While early humans may shoulder some of the blame, the fact is that the Sahara’s transformation was inevitable. It’s a consequence of the orbit of the Earth itself: “the story of North African climate is dominantly this 20,000-year beat, going back and forth between a green and dry Sahara,” said David McGee, an associate professor in MIT’s Department of Earth, Atmospheric and Planetary Sciences, in 2019.
“[The Sahara] seems like such an impenetrable, inhospitable landscape,” he added. “And yet it’s come and gone many times, and shifted between grasslands and a much wetter environment, and back to dry climates, even over the last quarter million years.”
The champion of them all: Antarctica
Okay, so we may have lied a little when we called the Atacama and the Sahara big and dry. There’s one place on Earth that takes the crown as having the world’s biggest desert, driest place, extremes of temperature seen nowhere else on the planet, and, weirdly, the lowest infant mortality rate anywhere: Antarctica.

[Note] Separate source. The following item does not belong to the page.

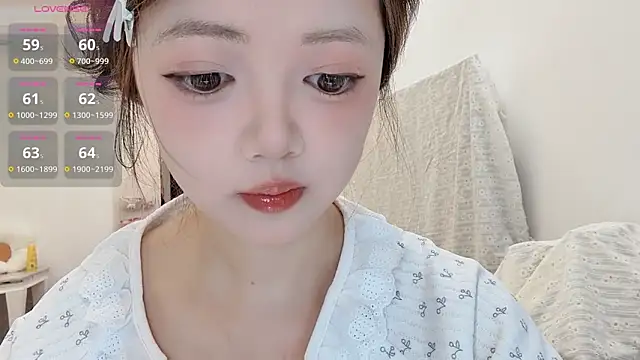 DDDDDoremi online show from 26, 3, 2026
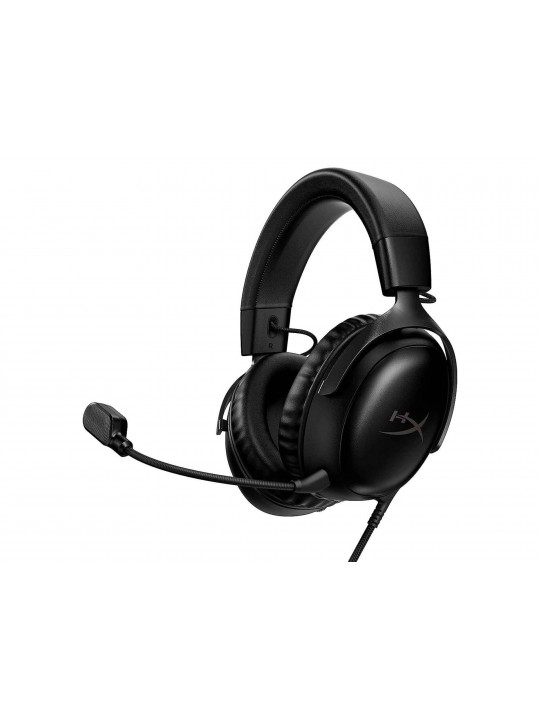 headphone HYPERX CLOUD III (BK)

Just like little brother Sahara, however, the Antarctic was not always a desert wasteland. Some 90 million years ago, the continent enjoyed “a diverse environment,” polar scientist Johann Klages told Vox in 2021, “with such mild temperatures – temperatures that today you have in northern Italy, for example.”
A decrease in global CO2 levels about 34 million years ago meant a drop in temperatures – and at the Earth’s southern pole, it became cold enough for ice to be present throughout the year. As soon as that threshold had been crossed, the continent was able to grow into the ice desert we know and occasionally get murdered by today.
But maybe not tomorrow. The levels of atmospheric CO2 that resulted in that Mediterranean Antarctica were about 1,100 parts per million, according to Klages’s climate modeling team. And “we are [now at] 420 parts per million CO2,” he warned.
“We are doing a big experiment right now,” he told Vox. “We take fossil fuels from the Earth’s crust that were deposited over millions of years, and usually would have been released back to the atmosphere over millions of years – but we did it within 150 years. Boom.”
“That has never happened before. That has a massive impact.”